Hace un tiempo escuché a un crítico decir que Brooklyn Follies podría considerarse, y con razón, un auténtico cuento de hadas moderno. Y ahora que lo he leído, de cierta forma lo es, no solo por la estructura de historias dentro de historias y las casualidades que parecen guiar el destino de los personajes, sino también por esa ternura casi inesperada y por la redención que Auster ofrece a cada uno de ellos. En sus páginas, las coincidencias, esas que tanto importan en los relatos mágicos, actúan como fuerzas invisibles que entrelazan vidas y generan un cambio imperceptible, pero crucial. A diferencia de la lobreguez y melancolía que suele envolver la obra de Auster, aquí hay algo que brilla, algo que nos redime a nosotros también, porque no lo esperábamos. Y quizá sea esa mezcla de dolor y esperanza, ese espacio donde lo mundano se torna maravilloso, lo que convierte a Brooklyn Follies en un refugio literario que, como los mejores cuentos, se niega a dejarse atrapar por la mera lógica de lo real. Cierto, no hay fantasía, no hay magia, solamente una serie de casualidades.

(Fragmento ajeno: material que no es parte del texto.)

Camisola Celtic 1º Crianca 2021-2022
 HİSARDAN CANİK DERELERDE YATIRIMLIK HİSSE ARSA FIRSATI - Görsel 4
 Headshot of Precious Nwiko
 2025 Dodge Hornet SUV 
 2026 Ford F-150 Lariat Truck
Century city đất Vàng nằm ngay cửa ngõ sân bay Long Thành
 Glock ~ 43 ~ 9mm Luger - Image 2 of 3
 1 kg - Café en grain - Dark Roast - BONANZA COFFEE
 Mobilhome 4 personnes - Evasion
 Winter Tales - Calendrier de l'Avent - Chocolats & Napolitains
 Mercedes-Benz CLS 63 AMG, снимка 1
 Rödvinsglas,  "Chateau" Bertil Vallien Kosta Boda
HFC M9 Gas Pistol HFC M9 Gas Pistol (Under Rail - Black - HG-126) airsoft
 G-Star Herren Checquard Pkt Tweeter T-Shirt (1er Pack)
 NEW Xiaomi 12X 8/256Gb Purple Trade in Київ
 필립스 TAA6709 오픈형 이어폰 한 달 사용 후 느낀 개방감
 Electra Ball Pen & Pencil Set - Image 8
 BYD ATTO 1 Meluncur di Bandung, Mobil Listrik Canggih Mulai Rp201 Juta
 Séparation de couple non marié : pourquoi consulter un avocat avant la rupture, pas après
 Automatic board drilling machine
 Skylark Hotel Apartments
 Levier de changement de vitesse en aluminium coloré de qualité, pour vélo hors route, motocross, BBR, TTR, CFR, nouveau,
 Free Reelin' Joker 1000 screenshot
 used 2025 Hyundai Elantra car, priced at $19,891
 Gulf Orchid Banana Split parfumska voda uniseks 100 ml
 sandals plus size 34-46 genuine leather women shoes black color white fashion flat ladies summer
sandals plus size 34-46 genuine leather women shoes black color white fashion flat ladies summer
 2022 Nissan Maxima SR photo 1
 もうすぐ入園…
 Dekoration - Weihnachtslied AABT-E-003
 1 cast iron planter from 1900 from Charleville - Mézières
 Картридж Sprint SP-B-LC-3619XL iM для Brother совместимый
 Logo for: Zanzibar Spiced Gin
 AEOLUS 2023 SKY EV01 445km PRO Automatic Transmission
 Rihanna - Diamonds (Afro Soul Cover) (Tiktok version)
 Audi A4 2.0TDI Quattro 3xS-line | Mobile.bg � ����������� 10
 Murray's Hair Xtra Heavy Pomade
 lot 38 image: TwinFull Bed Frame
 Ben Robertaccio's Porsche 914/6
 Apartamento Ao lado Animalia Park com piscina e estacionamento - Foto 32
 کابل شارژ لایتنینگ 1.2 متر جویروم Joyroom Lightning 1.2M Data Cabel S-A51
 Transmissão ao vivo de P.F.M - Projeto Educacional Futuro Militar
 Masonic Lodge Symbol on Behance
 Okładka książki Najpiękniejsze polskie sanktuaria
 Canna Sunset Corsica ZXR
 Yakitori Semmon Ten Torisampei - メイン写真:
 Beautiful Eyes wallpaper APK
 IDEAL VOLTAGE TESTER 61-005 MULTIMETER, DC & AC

Todos los personajes de Brooklyn Follies se nos presentan ya rotos, arrastrando a diario el peso de unas vidas que, en ningún momento, han resultado ni fáciles ni complacientes. La soledad y un pesimismo casi resignado parecen unirlos a todos, como un lazo invisible que atraviesa cada rincón de la novela. Y, sin embargo, las coincidencias inesperadas comienzan a surgir, esas que Auster maneja con una aparente casualidad, como si no las hubiese dispuesto desde el principio, y así, historias que nacen aisladas terminan encontrando un punto de confluencia, un arco narrativo que, si bien no los acerca ni remotamente al llamado «sueño americano», sí les permite contemplar sus propias vidas con otro cariz. Al menos, la soledad se combate, y no precisamente con soluciones cómodas, sino con desvaríos que a menudo generan más problemas, pero que, en su propia confusión, también ofrecen una forma de redención subyacente. Porque de errores está hecha la carga que todos llevamos a la espalda, y no se trata aquí de segundas oportunidades fáciles, sino de comprender que ese fardo se aligera cuando uno cuenta con más fuerzas de espíritu y, sobre todo, cuando se encuentra a alguien con quien compartir una conversación, esos desvaríos, en medio del camino de la vida.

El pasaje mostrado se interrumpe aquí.